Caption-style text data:
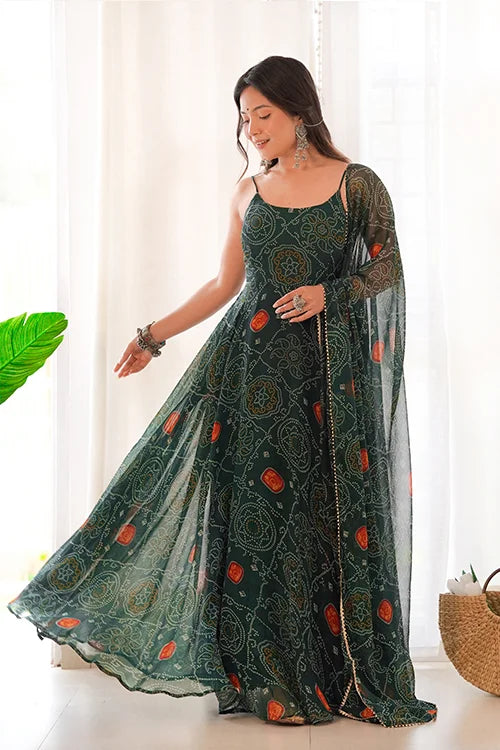 Trendy full flair Anarkali gown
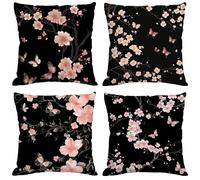 Housse Coussin 45x45 cm Coussin Exterieur Impermeable Noir avec Fermeture à Glissière Invisible Velours Décoratifs Taie Oreiller Rose, pour Intérieur/Extérieur Canape Balcon Patio Jardin Gifts Y-1065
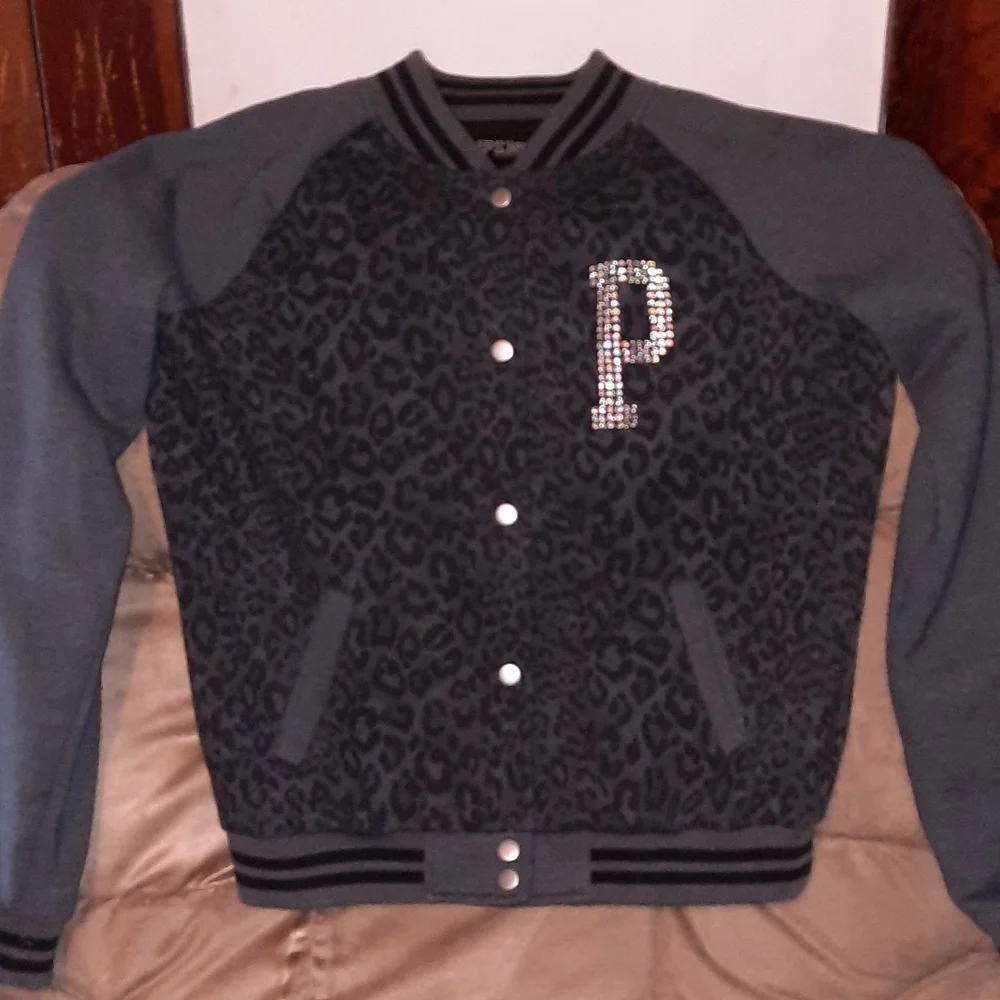 Vintage Victoria's Secret Pink Varsity Cheetah Print Coat with Embellished Bling - Picture 2 of 4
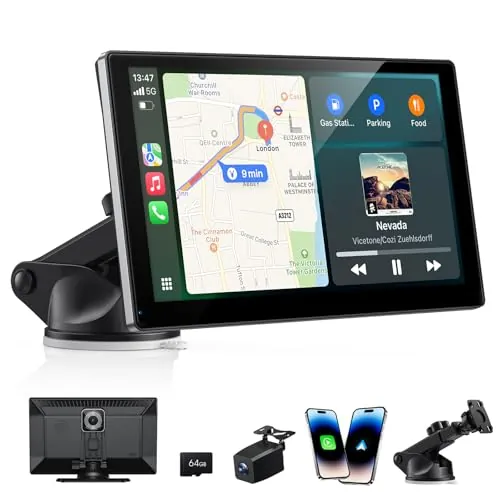 9" Wireless Carplay Screen with 4K Dash Cam & 64GB Card
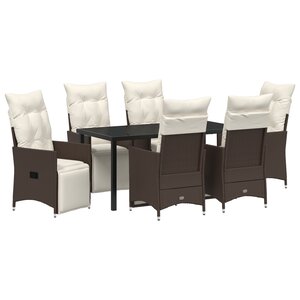 vidaXL Ensemble de 4 Marron Rattan PE Sofa Simple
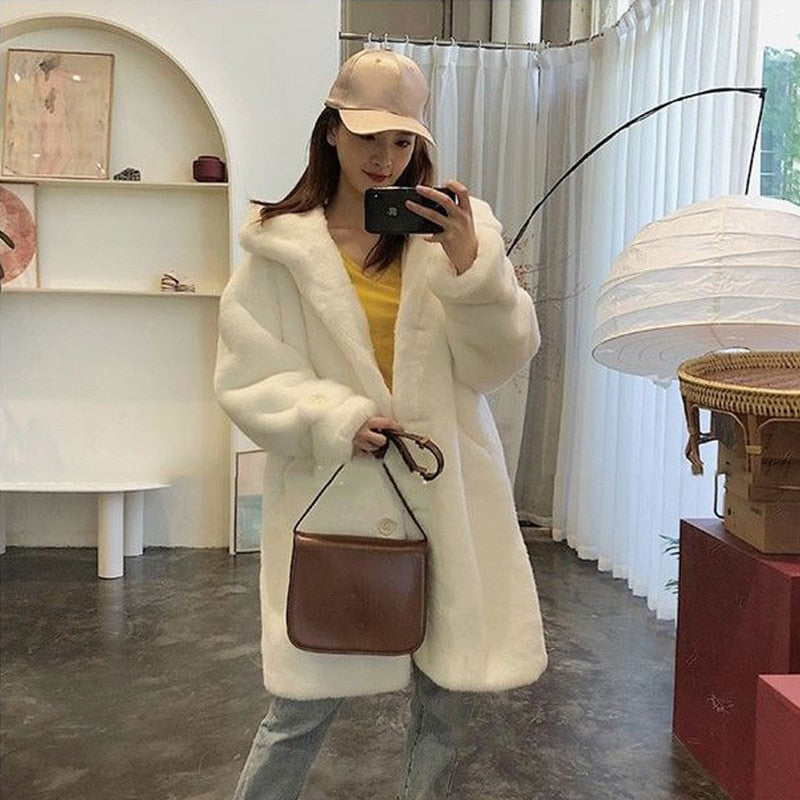 Winter Fashion Hooded Faux Fur Long Coat Solid Cute Warm Fluffy Jacket Casual Loose Oversize Coat Female Thick Outwears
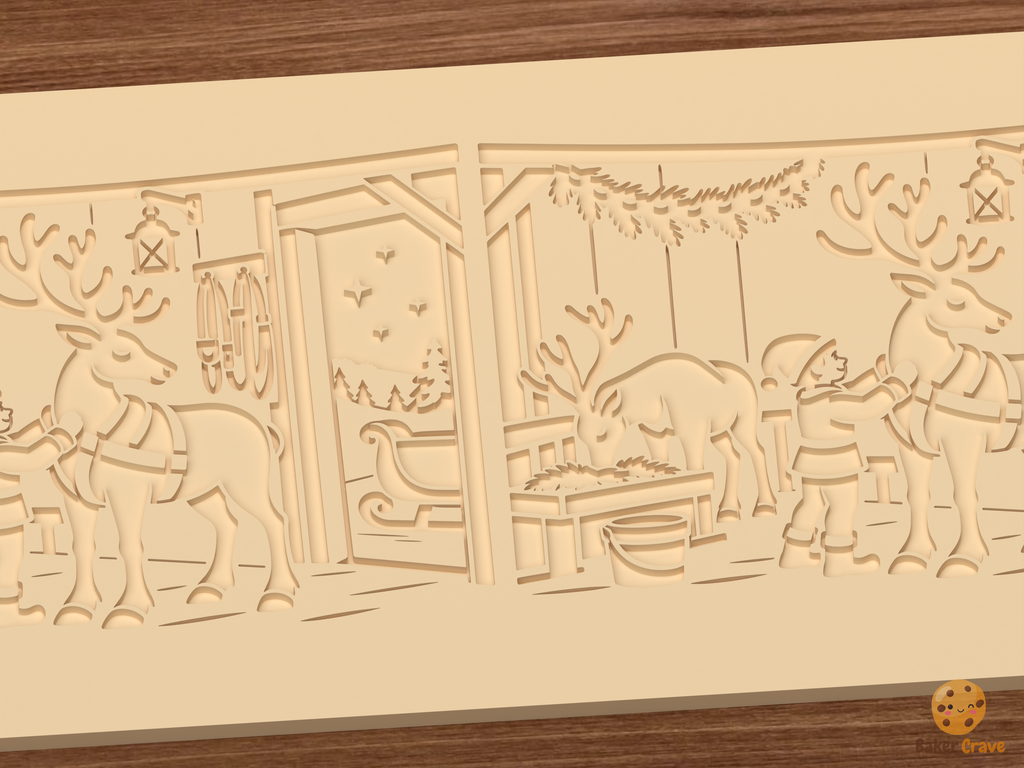 Reindeer Stable Prep Night Textured Roller STL File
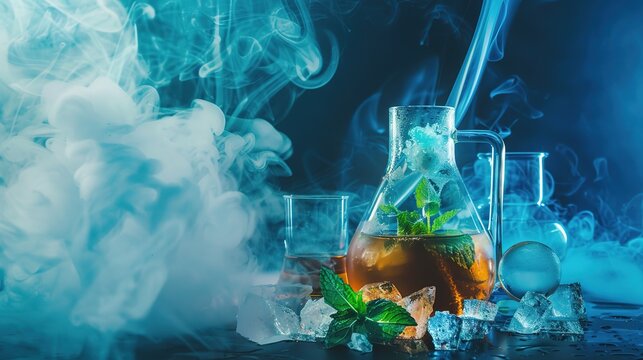 Capture the Cool Moment: The Summer Temptation of Iced Tea with Mint! In the picture, a refreshing glass of iced tea with mint is placed in front of a fresh background. The crystal - clear ice cubes a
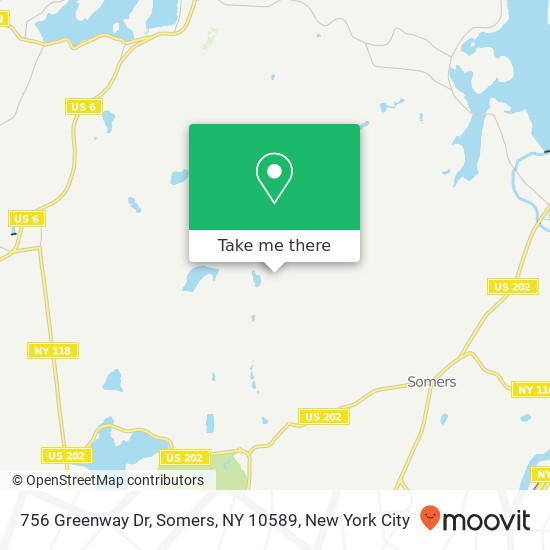 Mapa de 756 Greenway Dr, Somers, NY 10589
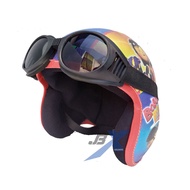 Helm Anak Bogo Retro Pilot Kacamata Nazi Usia 6 Sampai 10 Tahun Motif Cowok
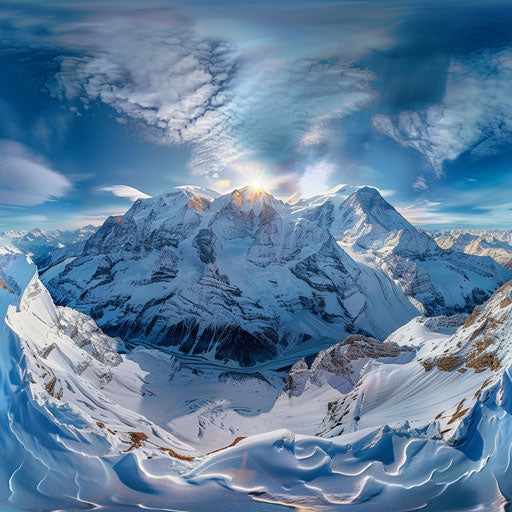 Panoramic view of Eiger's snow-capped peaks under a brilliant blue sky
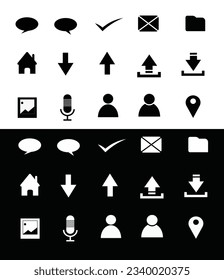 Daily needs black and white icon set.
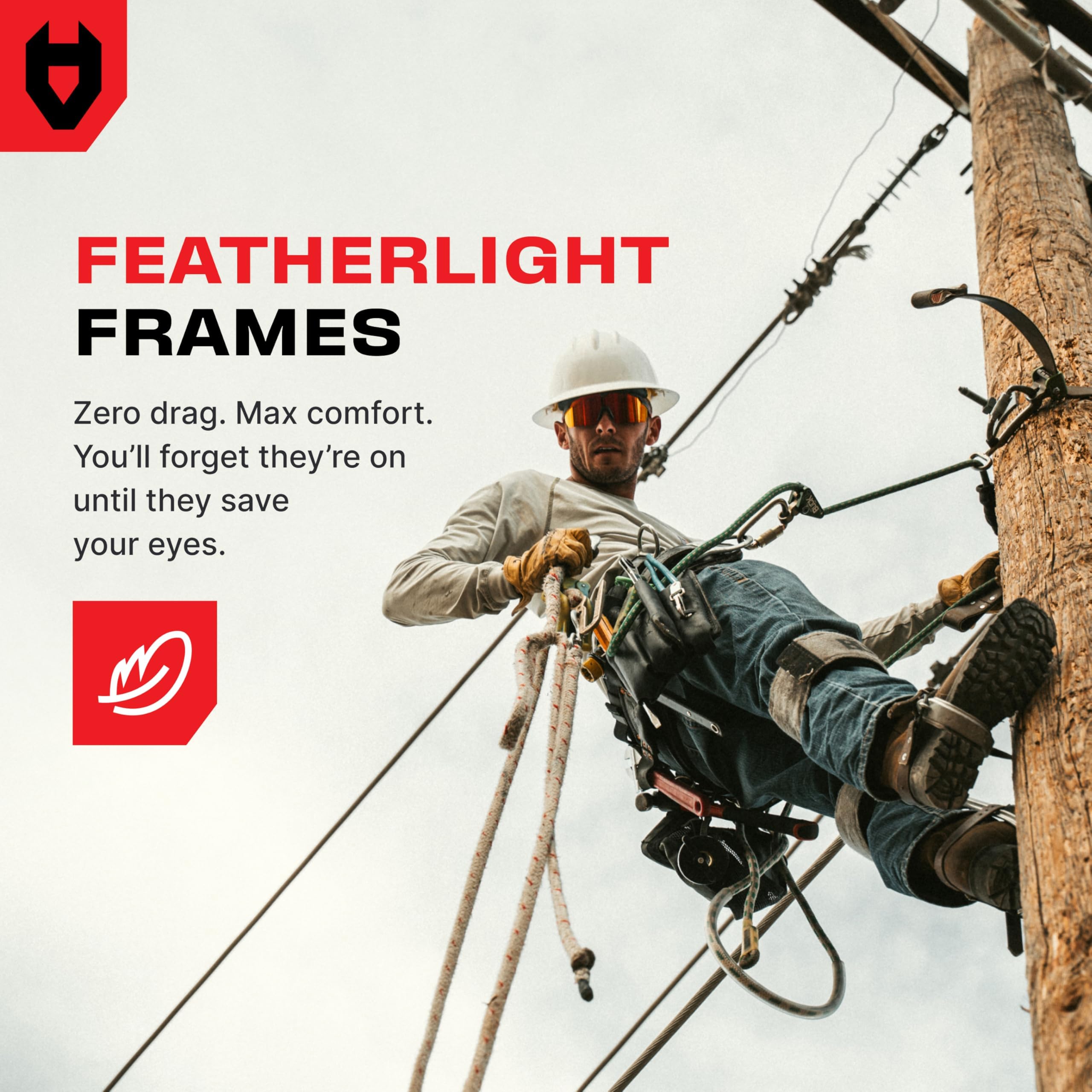 NoCry polycarbonate lenses provide durable protection for tough work environments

◆ Exercise brief: Please set down the records above verbatim, with each picture left out.

◆ Solution to this exercise:
 Trendy full flair Anarkali gown
 Housse Coussin 45x45 cm Coussin Exterieur Impermeable Noir avec Fermeture à Glissière Invisible Velours Décoratifs Taie Oreiller Rose, pour Intérieur/Extérieur Canape Balcon Patio Jardin Gifts Y-1065
 Vintage Victoria's Secret Pink Varsity Cheetah Print Coat with Embellished Bling - Picture 2 of 4
 9" Wireless Carplay Screen with 4K Dash Cam & 64GB Card
 vidaXL Ensemble de 4 Marron Rattan PE Sofa Simple
 Winter Fashion Hooded Faux Fur Long Coat Solid Cute Warm Fluffy Jacket Casual Loose Oversize Coat Female Thick Outwears
 Reindeer Stable Prep Night Textured Roller STL File
 Capture the Cool Moment: The Summer Temptation of Iced Tea with Mint! In the picture, a refreshing glass of iced tea with mint is placed in front of a fresh background. The crystal - clear ice cubes a
 Mapa de 756 Greenway Dr, Somers, NY 10589
 Helm Anak Bogo Retro Pilot Kacamata Nazi Usia 6 Sampai 10 Tahun Motif Cowok
 Panoramic view of Eiger's snow-capped peaks under a brilliant blue sky
 Daily needs black and white icon set.
 NoCry polycarbonate lenses provide durable protection for tough work environments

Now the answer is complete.